One of the first critical steps after an accident has occurred is to ensure that documents related to the accident, the company driver, and the company vehicle are preserved. This is especially true when the accident involves a fatality or serious injury where a lawsuit may be asserted against the carrier down the road.  

In most states, a company has a duty to preserve evidence when it reasonably anticipates litigation. The evidence that must be preserved are those documents and items that it knows, or reasonably should know, are relevant to the action. Once the duty to preserve attaches, a company must suspend its routine document retention/destruction policy and put in place a litigation hold to ensure the preservation of relevant documents.  

For motor carriers, the driver’s DQ file and other personnel files, the driver’s logs and trip sheets, the vehicle inspection reports and vehicle maintenance records are documents that should be preserved after almost every accident where litigation is anticipated. Evidence of damage to the truck and trailer should also be captured and preserved. Bear in mind, however, that the documents and items to preserve should be determined on a case-by-case basis.  

The importance of preserving these documents and other items lies in the sanctions that could result by failing to preserve them. After suit is filed, if the party bringing the lawsuit discovers that relevant documents (or even potentially relevant documents) have been lost or destroyed, the party can seek sanctions from the company related to the loss or destruction. Such sanctions can be monetary, or can take other forms. For instance, if the driver’s log for the date of the accident is no longer available, the judge may instruct the jury to presume that the log would have reflected negatively on the carrier (e.g., the driver was over his hours). The jury could then infer that the driver was fatigued and that is what caused the accident. If, in fact, the log was compliant with the hours-of-service regulations, and the driver had just started his run, this type of jury instruction is certainly one the carrier should avoid. Preservation of key documents during the first moments after an accident is the best solution.  

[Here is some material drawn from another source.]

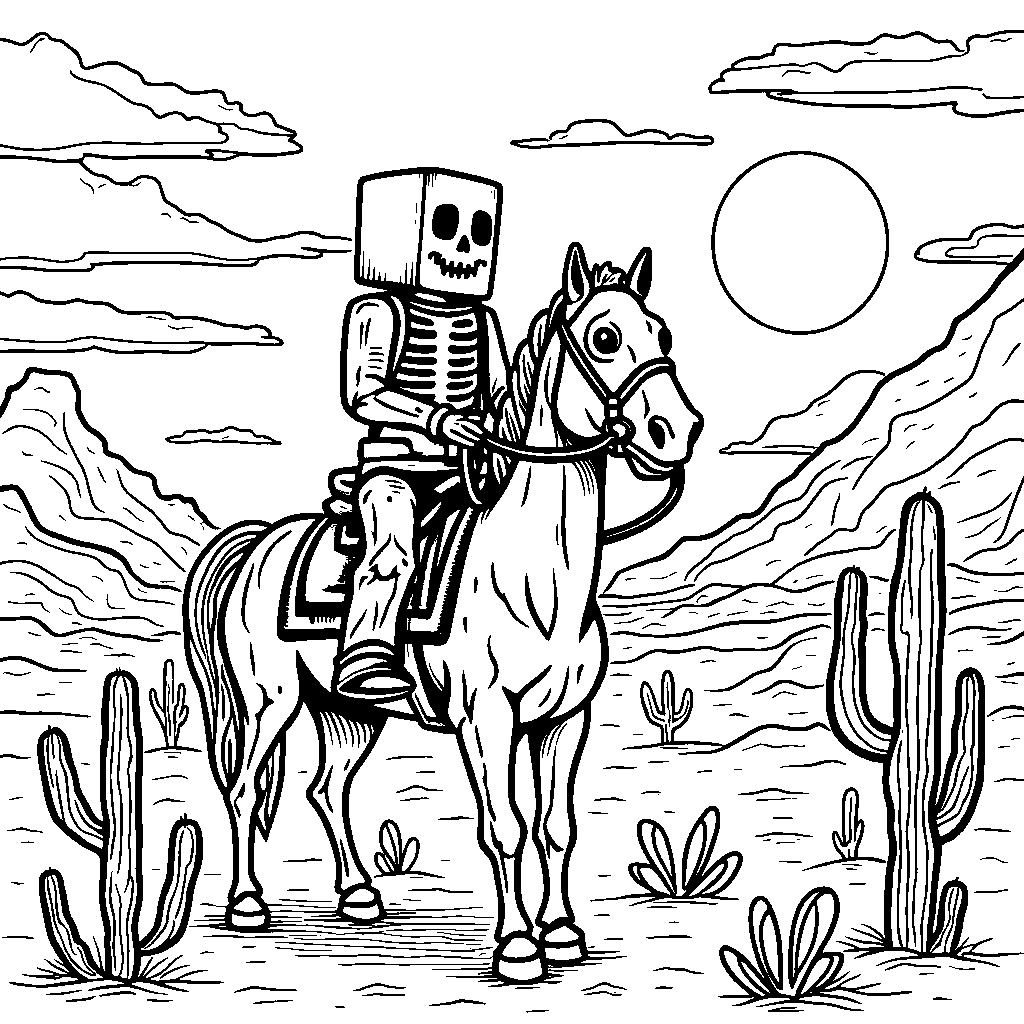 A Minecraft skeleton riding a horse through a desert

One practical way for a carrier to ensure that relevant documents are being preserved in the moments after an accident is to create a preservation letter. After an accident occurs where litigation is anticipated, the preservation letter should be sent to key personnel who have access to the relevant documents, such as the safety manager, the driver’s terminal manager or dispatcher. The letter should provide information regarding the accident, such as when and where it occurred and who was involved. It should also instruct the recipient to preserve documents and items related to the accident and provide a concrete list of items. The list does not need to be a complete list. In fact, the letter should encourage preservation and thinking outside the box relating to what needs to be preserved. Preservation letters that Roetzel attorneys have drafted on behalf of their clients include the phrase When In Doubt, Don’t Throw It Out! Finally, the preservation letter should instruct the recipient to send the letter to all other persons who may have access to documents and items so that they can preserve documents as well.  

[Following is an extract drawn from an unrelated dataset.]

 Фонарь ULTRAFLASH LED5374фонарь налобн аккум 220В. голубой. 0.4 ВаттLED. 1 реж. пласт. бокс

Once the documents are gathered as a result of the preservation process, they should be copied and kept separately from all other files. A good name for this new file is “Anticipation Of Litigation File” because it shows the company is anticipating a lawsuit and has made efforts to preserve documents related to the accident. If and when a lawsuit is later filed, the carrier will then be in a position to provide relevant documents to the other party through the discovery process. Of course, this does not mean all preserved documents will be turned over. The company can still withhold documents based on privileges and other good cause reasons. However, should a dispute arise over whether a document must be produced, and if the judge orders it to be produced, sanctions surely await if the document has been lost or destroyed. Once again, preservation is always the better scenario.  

Having a procedure in place to preserve documents also has an added benefit. Despite a company’s best efforts to preserve documents and items, there are occasions when a document or item simply cannot be found once the matter is in suit. If the company had sent a preservation letter to key personnel and had initiated the preservation process, it is much more likely to avoid sanctions. This is because the preservation letter provides evidence to the court that the company did not intentionally destroy the items that are now missing. Without a finding of intentional conduct, the court is less likely to impose sanctions.  

The importance of document preservation in the hours and days after a serious accident occurs cannot be understated. Not only does the preservation of documents and items help the company avoid sanctions if and when a lawsuit is later filed, but it can also help the company defend the case by preserving evidence that supports the company’s position. While creating a preservation system may require some “up front” time and effort when it is unclear whether a lawsuit will even commence, there are only benefits to the company by preserving documents and items. And, when efforts are made to determine what should and should not be preserved, when in doubt . . . don’t throw it out!